Tag Archives: peripheral arterial disease

Correlations of Endogenous Testosterone and DHEA-S in Peripheral Arterial Disease

DOI: 10.1515/amma-2016-0021

Background: there is an overt bias between cardiovascular morbidity and mortality in male and female patients. Research of the past decades postulated that this difference could be due to the lipid-lowering effect of male sexual-steroids, that show decreased values in cardiovascular disease.
Methods: the aim of our study was to determine total serum testosterone and dehydroepiandrosterone sulfate (DHEA-S) on a peripheral arterial disease patient’s cohort (n=35), in comparison with a healthy control group, (n=23) and to establish correlations with other biological risk factors like serum lipids, C-reactive protein, plasma fibrinogen, and the ankle-brachial pressure index.
Results: our results showed that total serum testosterone and DHEA-S were significantly decreased in PAD patients in comparison to the control group.

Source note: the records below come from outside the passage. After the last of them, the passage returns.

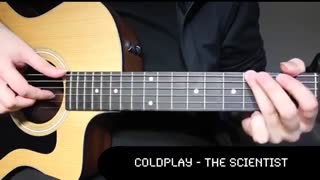 Coldplay - The Scientist  اموزش گیتار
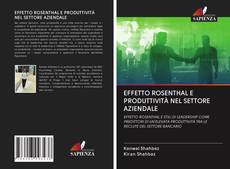 EFFETTO ROSENTHAL E PRODUTTIVITÀ NEL SETTORE AZIENDALE kitap kapağı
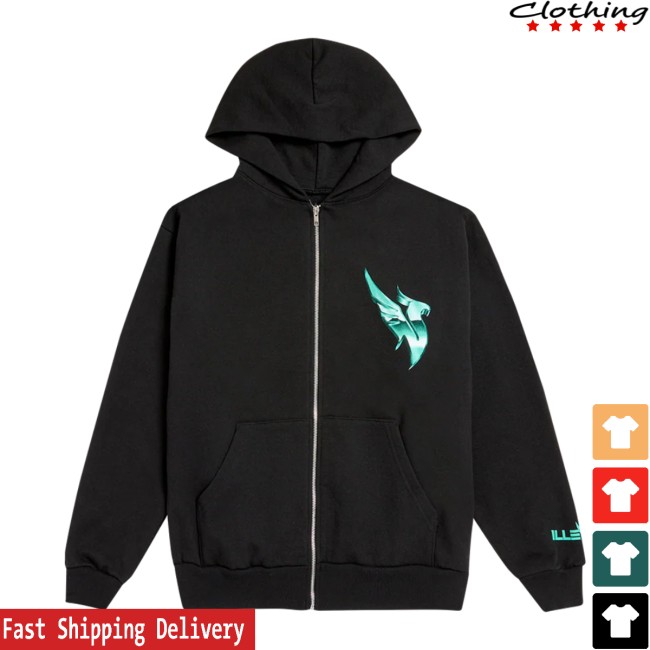 Illenium Store Merch Classic Phoenix Zip Hoodie Illenium Store Merch Classic Phoenix Zip Hoodie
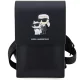 Karl Lagerfeld Universal Phone Pouch Saffiano K&C NFT, Black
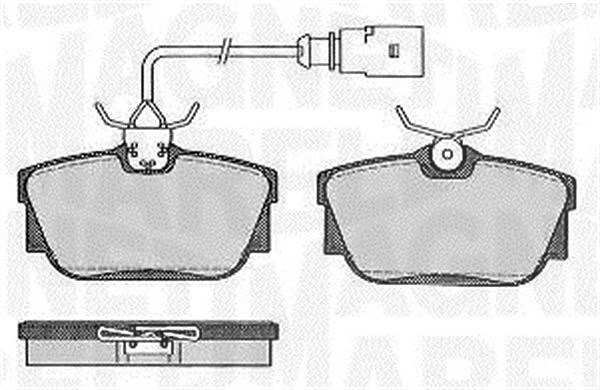 Magneti Marelli Bremsbelagsatz, Scheibenbremse [Hersteller-Nr. 363916060586] für VW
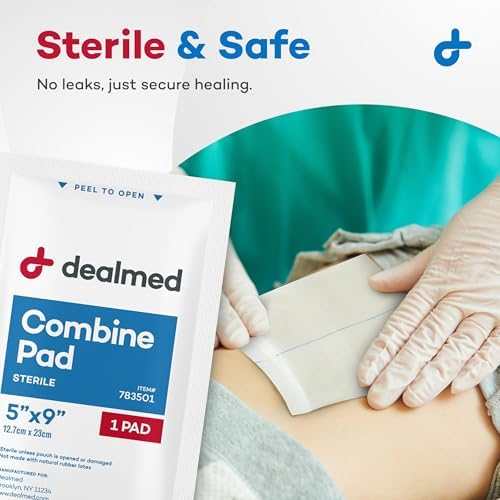 Dealmed Abdominal Combine Pads - Sterile Non Adherent 5 x 9 in - 20 Count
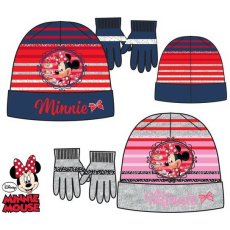 Disney Minnie Gyerek sapka + kesztyű szett kék 52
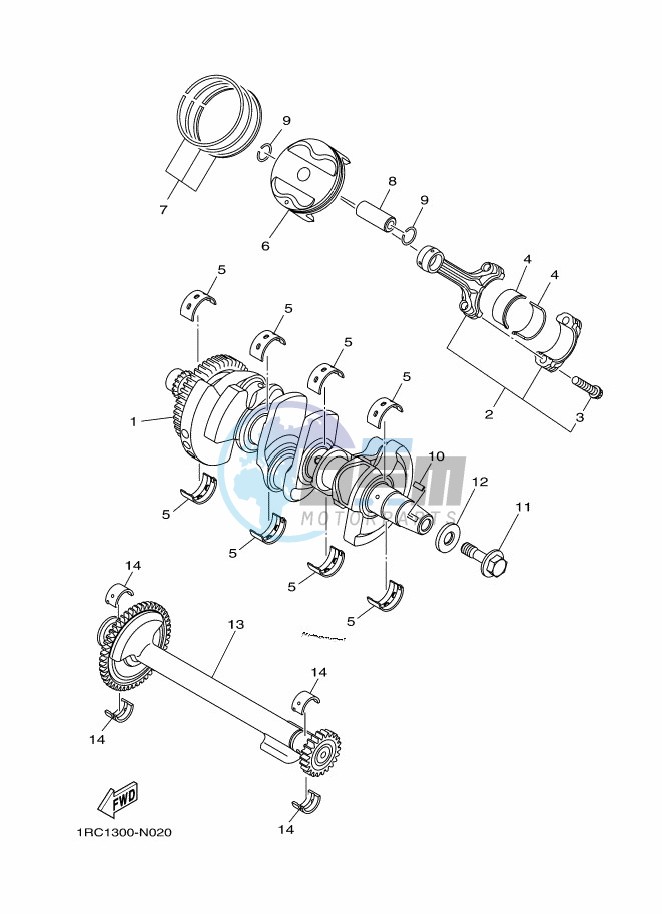 CRANKSHAFT & PISTON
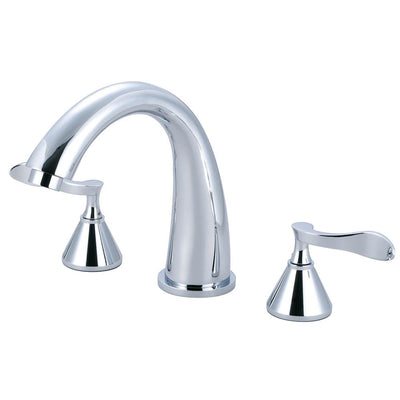 Kingston Brass Century Polished Chrome Roman tub filler Faucet KS2361CFL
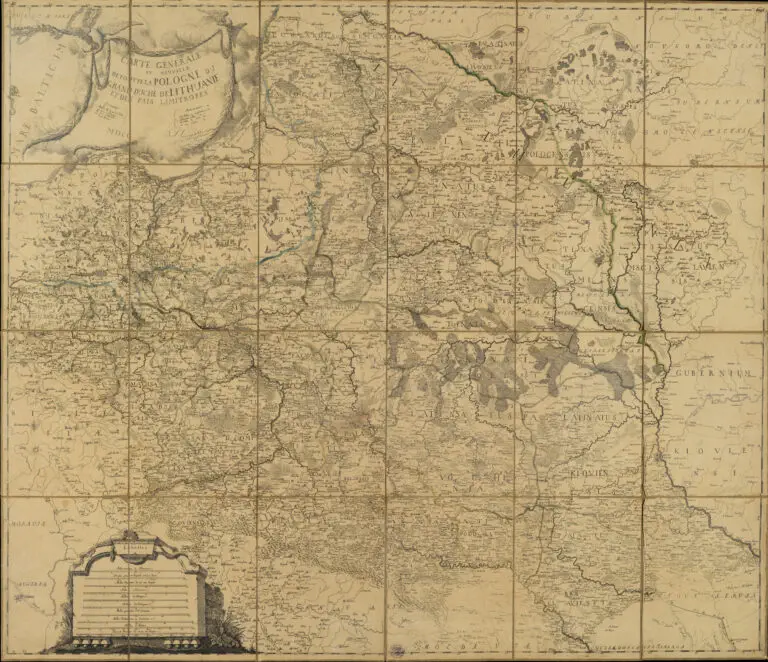 Carte générale et nouvelle de la Pologne toutte du Grand Duché de Lithuanie,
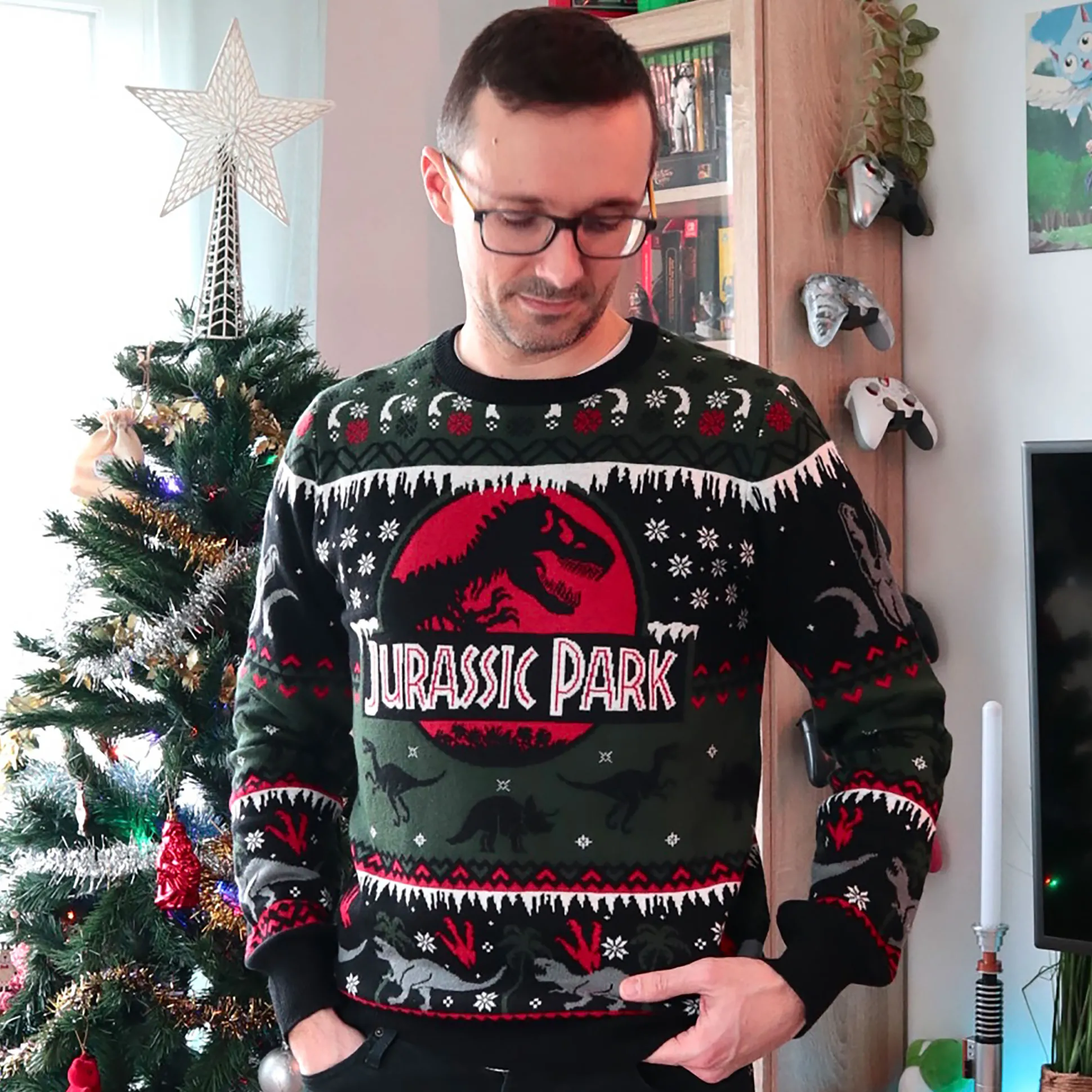 Jurassic Park - Logo Gebreide Trui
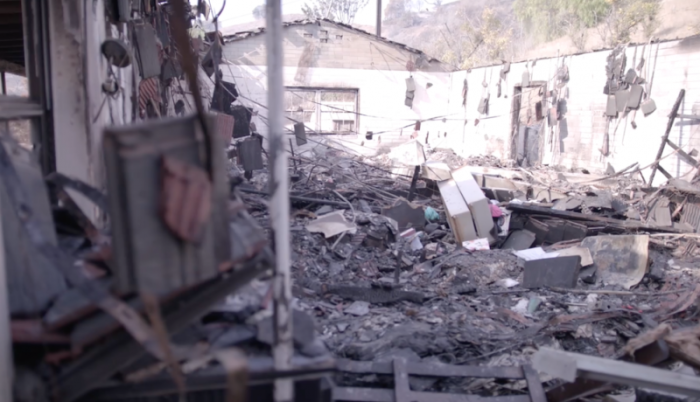 The Thomas Fire destroys one of Ventura Teen Challenge's buildings in December 2017.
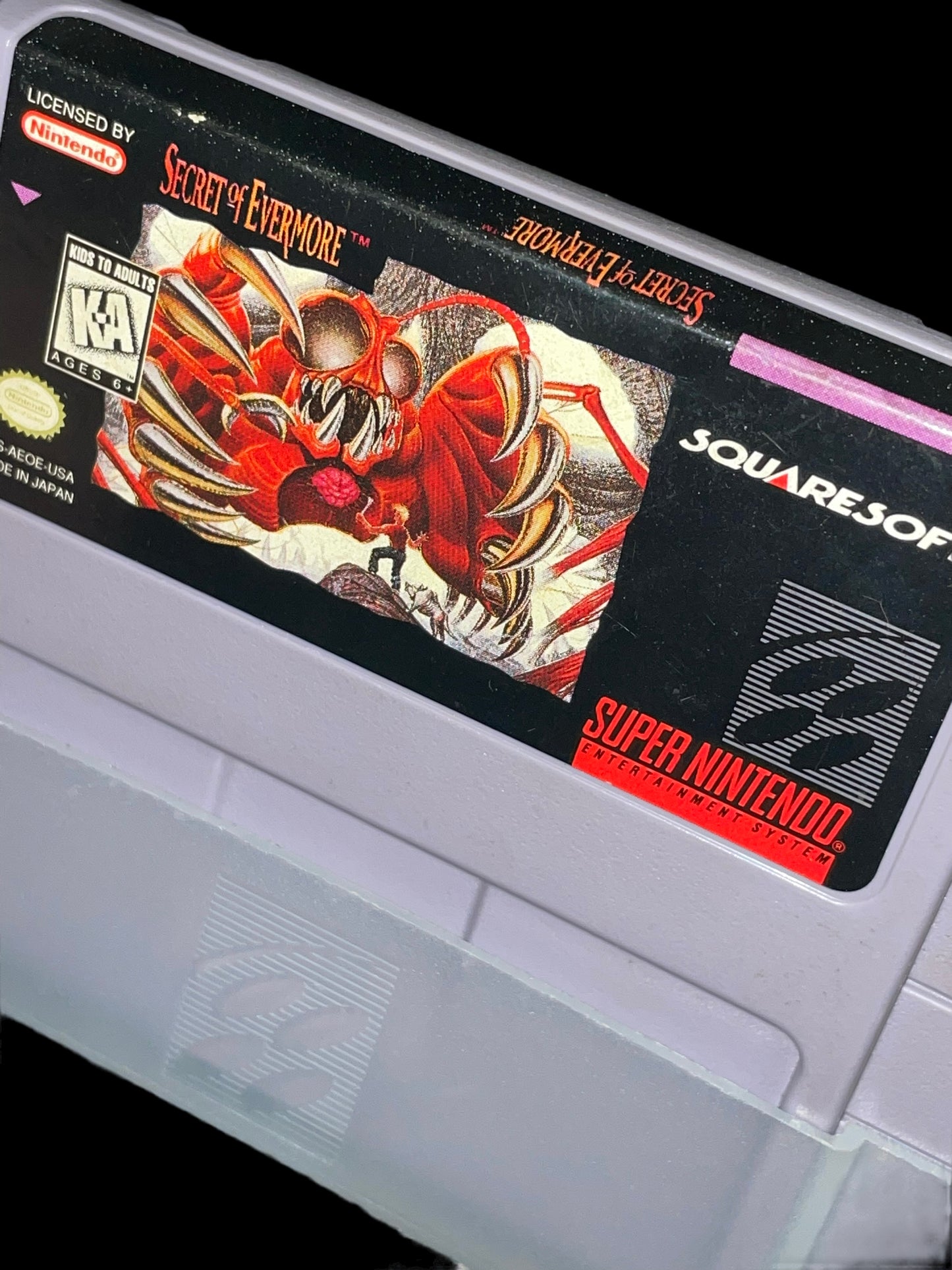 Secret of Evermore Vintage Game (SNES, 1995, Loose)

We could not observe any significant correlation with the presence of critical ischemia, the levels of total cholesterol, HDL-cholesterol, triglycerides, lipoprotein (a), C-reactive protein or plasma fibrinogen.
Conclusion: these results express that low androgen levels could be implicated in the pathogenesis of peripheral arterial disease, but testosterone and DHEA-S are not markers of disease severity. The elucidation of their exact role needs larger, population-based studies.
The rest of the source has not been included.